> _Problem statement_:
Exactly the lines from the one holding "Curacao Half Day" through the last line of the listing below must appear in the answer, and no pictures.

> _Data extract_:
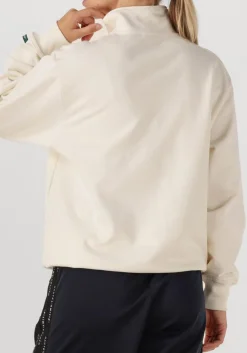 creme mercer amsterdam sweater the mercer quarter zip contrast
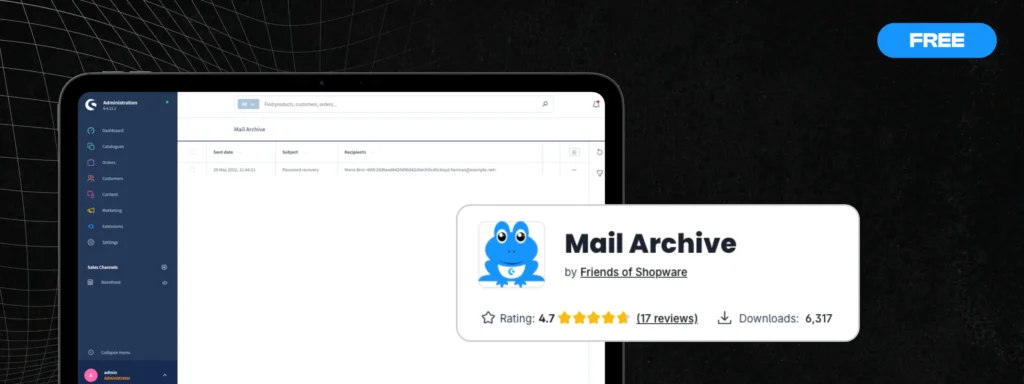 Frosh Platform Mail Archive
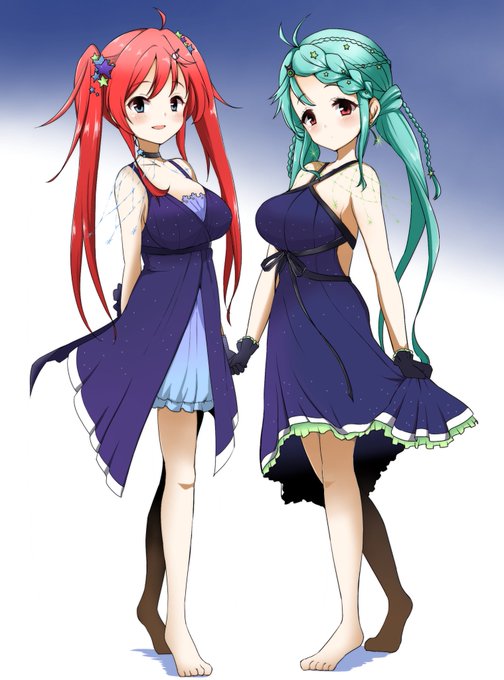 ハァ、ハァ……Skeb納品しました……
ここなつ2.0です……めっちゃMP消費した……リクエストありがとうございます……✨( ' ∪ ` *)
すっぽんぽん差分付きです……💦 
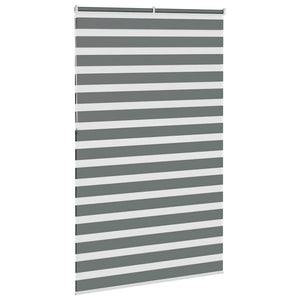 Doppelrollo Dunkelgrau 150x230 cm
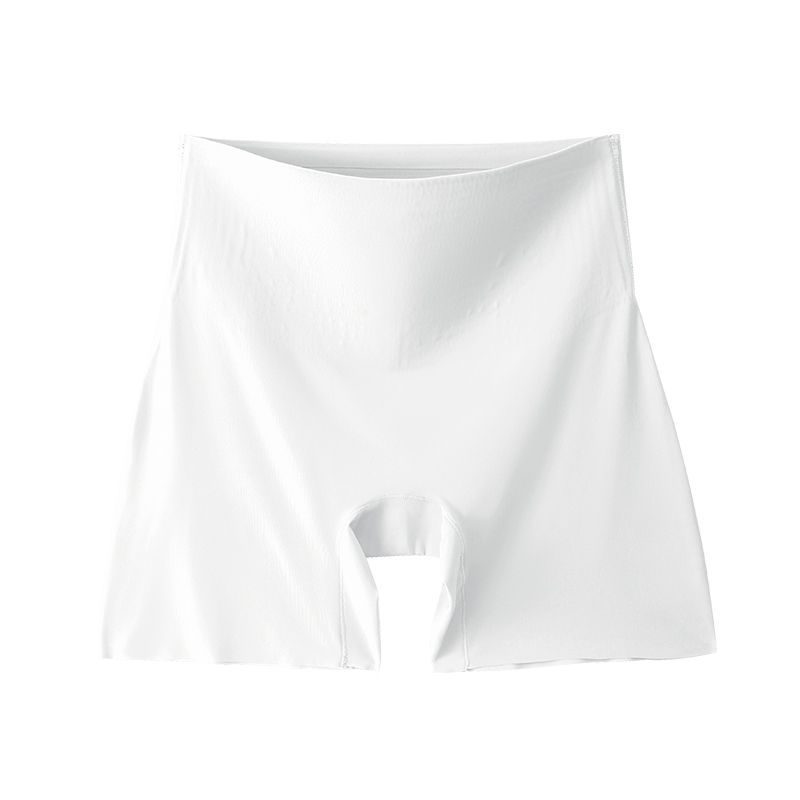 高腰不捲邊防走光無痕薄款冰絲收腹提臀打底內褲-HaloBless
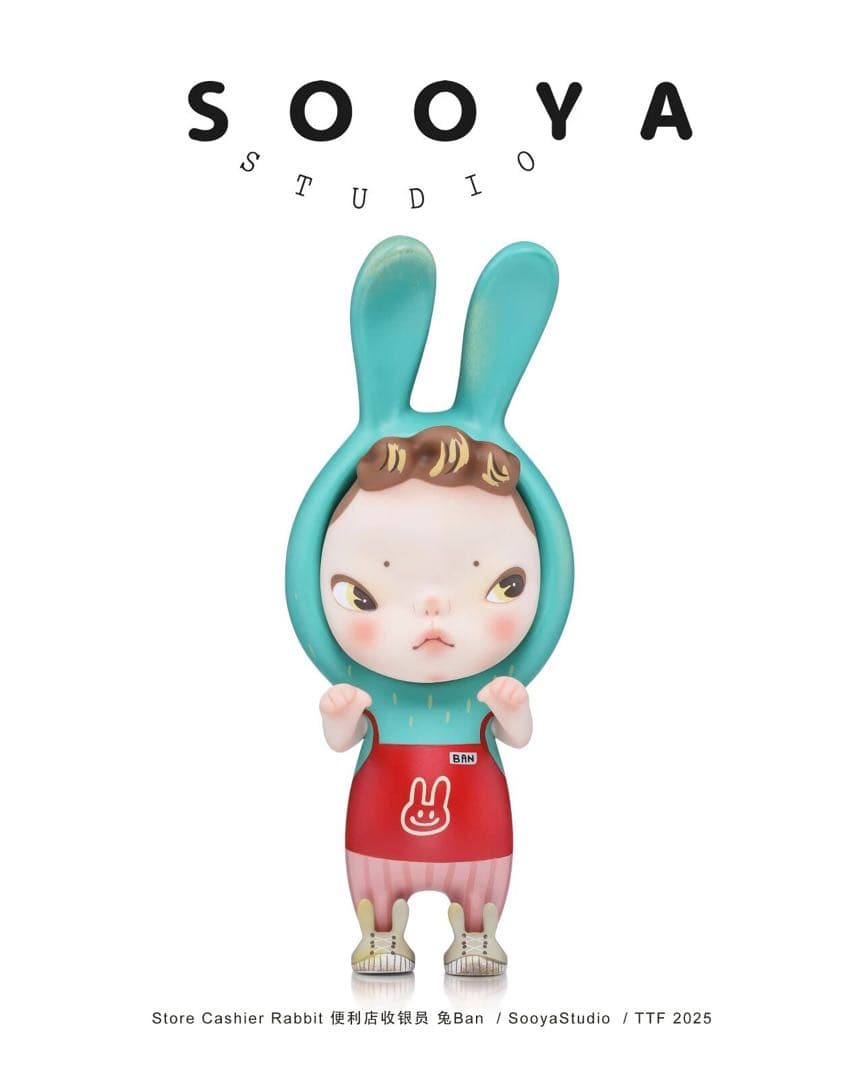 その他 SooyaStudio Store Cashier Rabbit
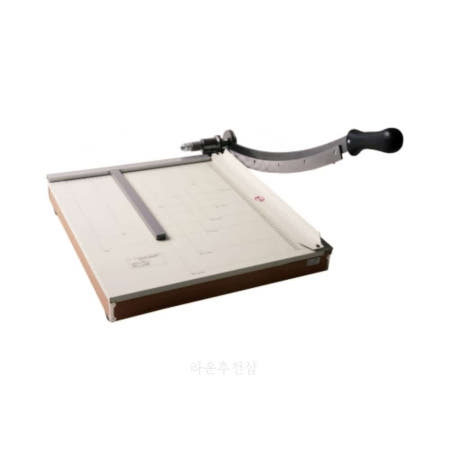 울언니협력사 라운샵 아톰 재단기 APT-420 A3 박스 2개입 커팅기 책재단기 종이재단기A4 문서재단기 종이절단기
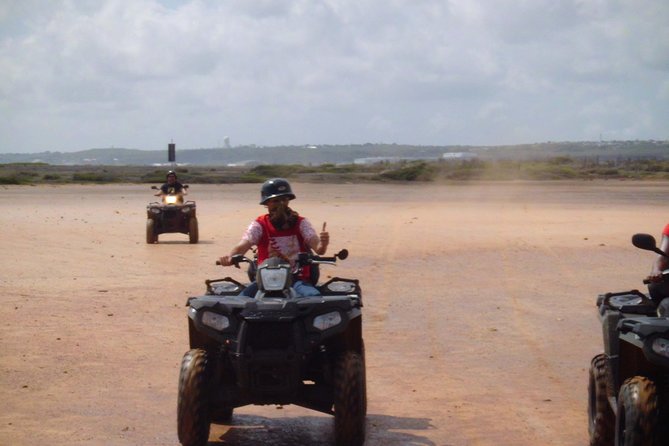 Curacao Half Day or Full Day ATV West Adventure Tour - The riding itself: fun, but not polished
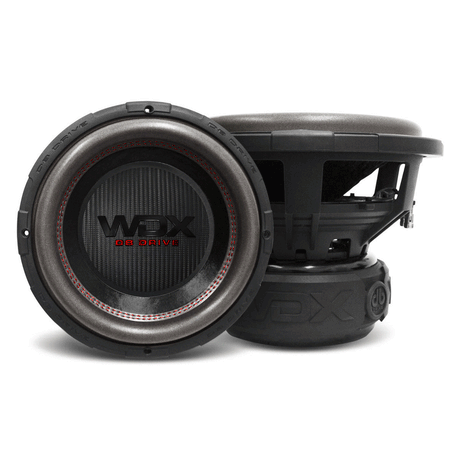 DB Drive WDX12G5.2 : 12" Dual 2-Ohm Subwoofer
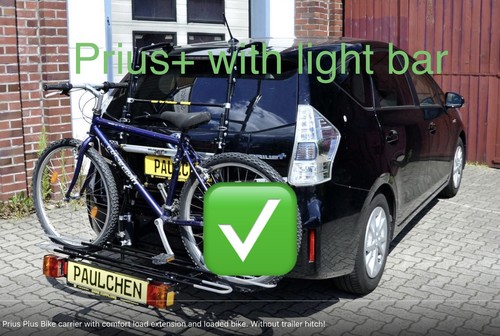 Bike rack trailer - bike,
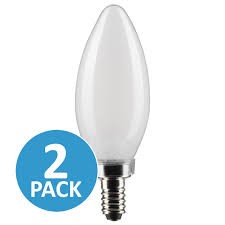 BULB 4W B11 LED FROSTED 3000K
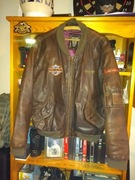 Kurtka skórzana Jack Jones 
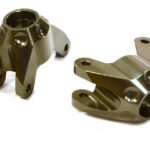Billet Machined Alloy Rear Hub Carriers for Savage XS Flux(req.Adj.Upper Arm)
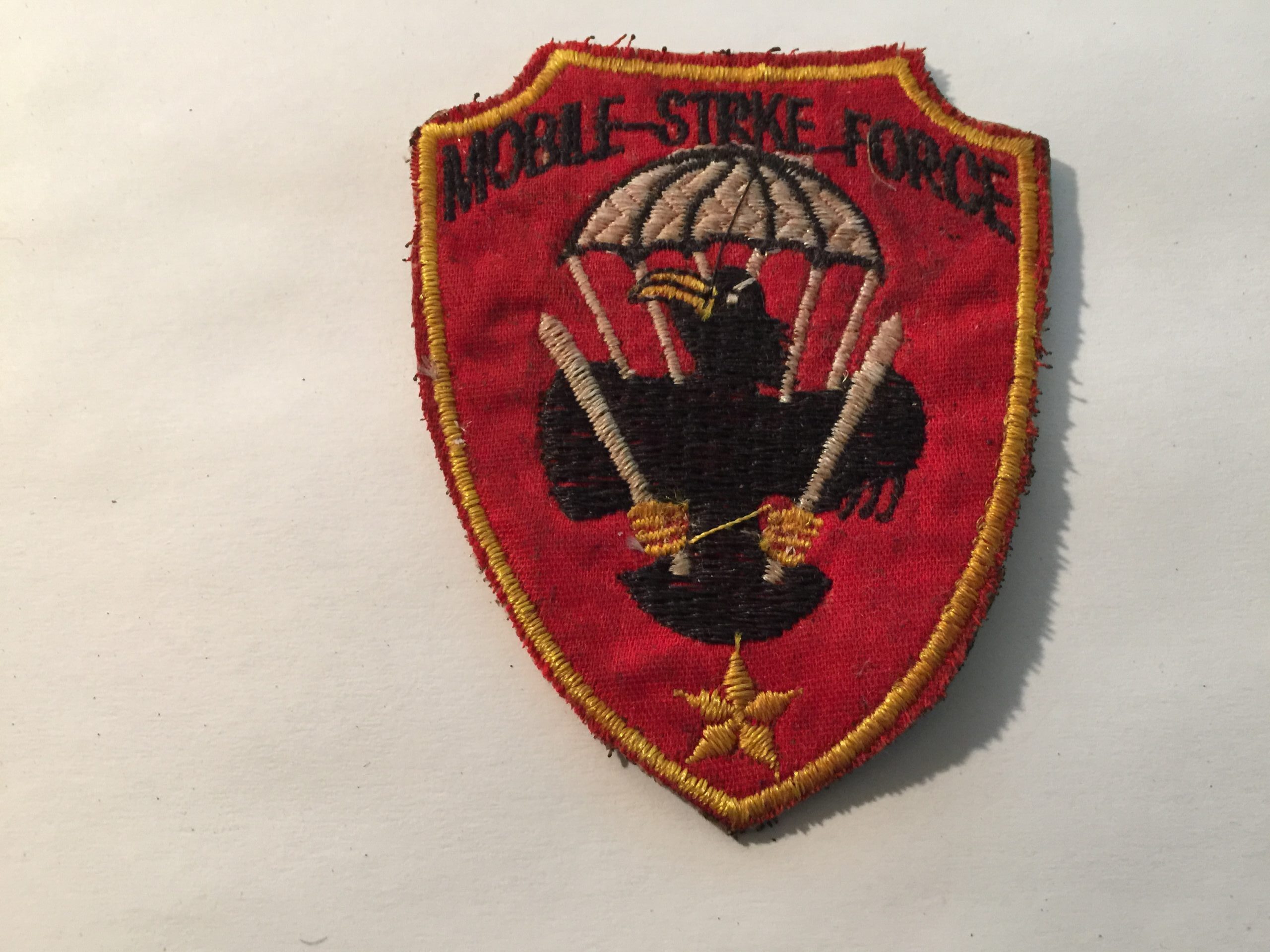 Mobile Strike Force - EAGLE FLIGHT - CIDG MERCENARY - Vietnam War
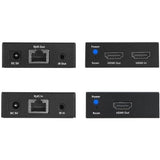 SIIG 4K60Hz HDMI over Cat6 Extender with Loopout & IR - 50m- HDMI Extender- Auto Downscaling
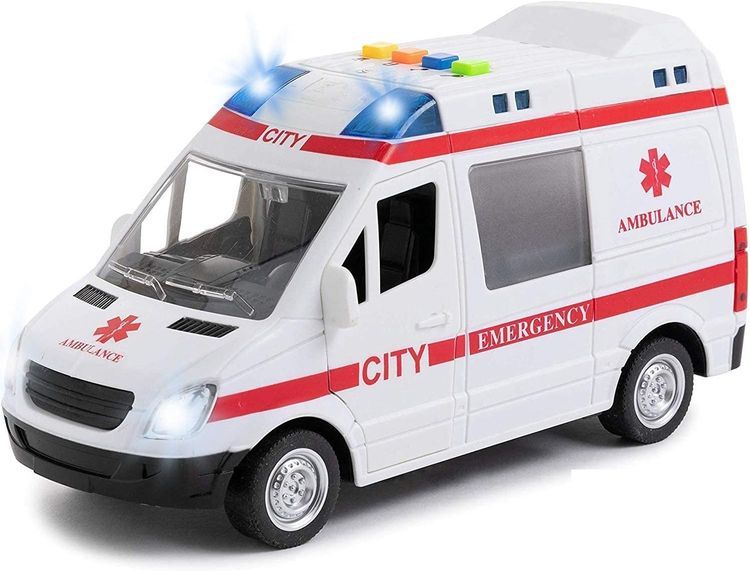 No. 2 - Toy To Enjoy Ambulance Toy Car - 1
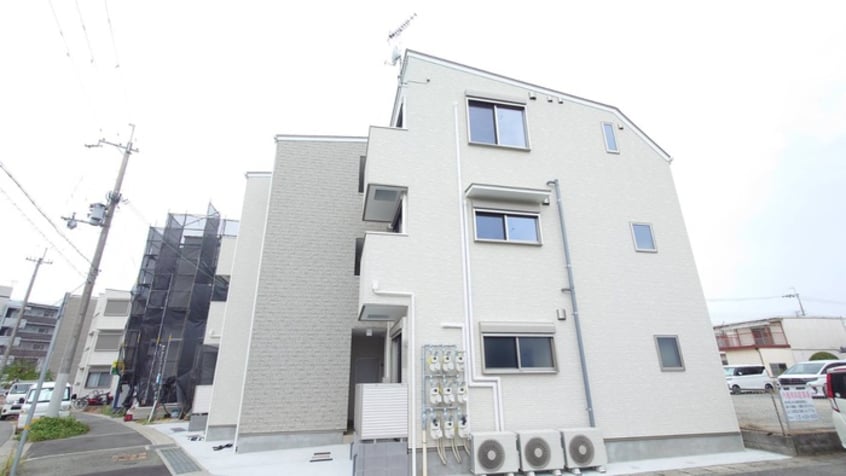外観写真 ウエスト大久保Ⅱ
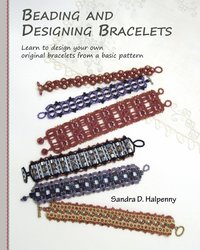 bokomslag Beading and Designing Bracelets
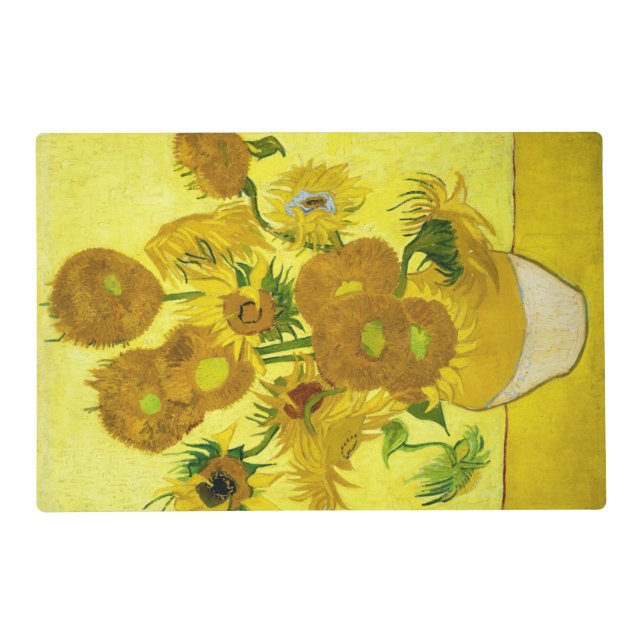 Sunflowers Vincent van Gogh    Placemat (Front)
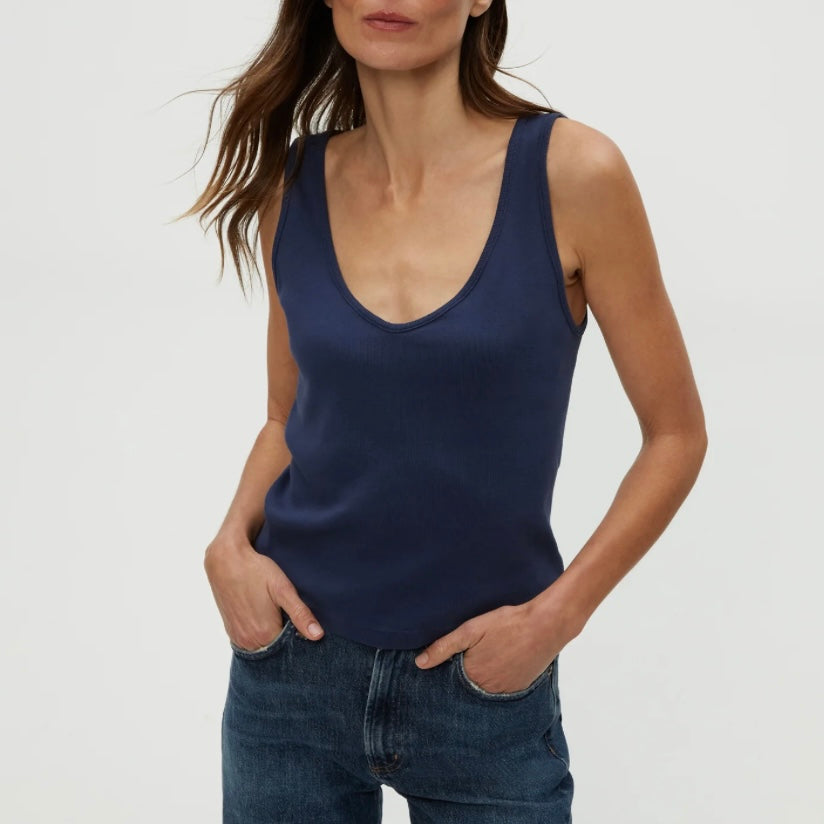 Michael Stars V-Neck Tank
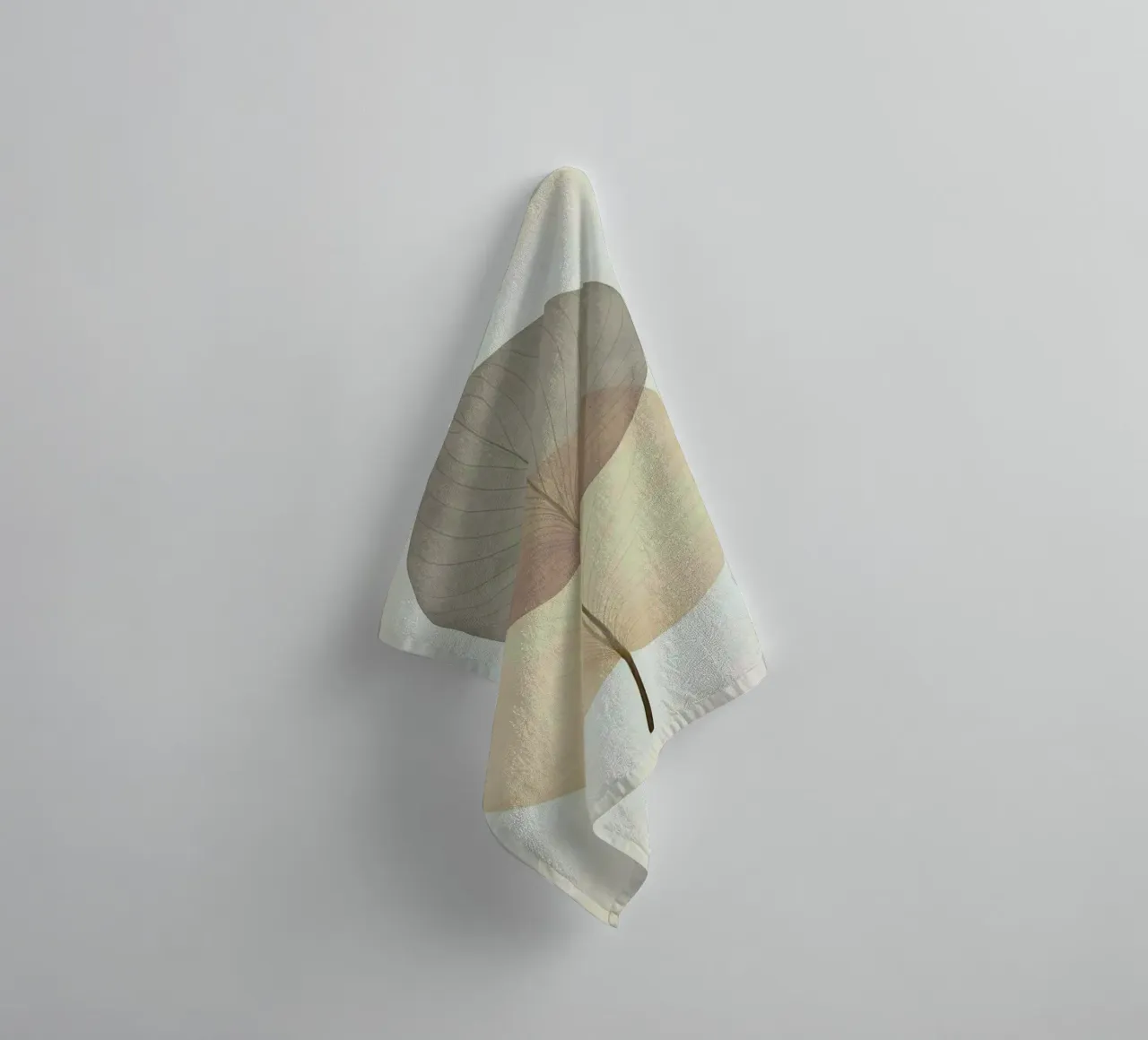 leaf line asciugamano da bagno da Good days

> _Solution to the problem_:
 Curacao Half Day or Full Day ATV West Adventure Tour - The riding itself: fun, but not polished
 DB Drive WDX12G5.2 : 12" Dual 2-Ohm Subwoofer
 Bike rack trailer - bike,
 BULB 4W B11 LED FROSTED 3000K
 Kurtka skórzana Jack Jones 
Billet Machined Alloy Rear Hub Carriers for Savage XS Flux(req.Adj.Upper Arm)
 Mobile Strike Force - EAGLE FLIGHT - CIDG MERCENARY - Vietnam War
 SIIG 4K60Hz HDMI over Cat6 Extender with Loopout & IR - 50m- HDMI Extender- Auto Downscaling
 No. 2 - Toy To Enjoy Ambulance Toy Car - 1
外観写真 ウエスト大久保Ⅱ
 bokomslag Beading and Designing Bracelets
 Sunflowers Vincent van Gogh    Placemat (Front)
 Michael Stars V-Neck Tank
 leaf line asciugamano da bagno da Good days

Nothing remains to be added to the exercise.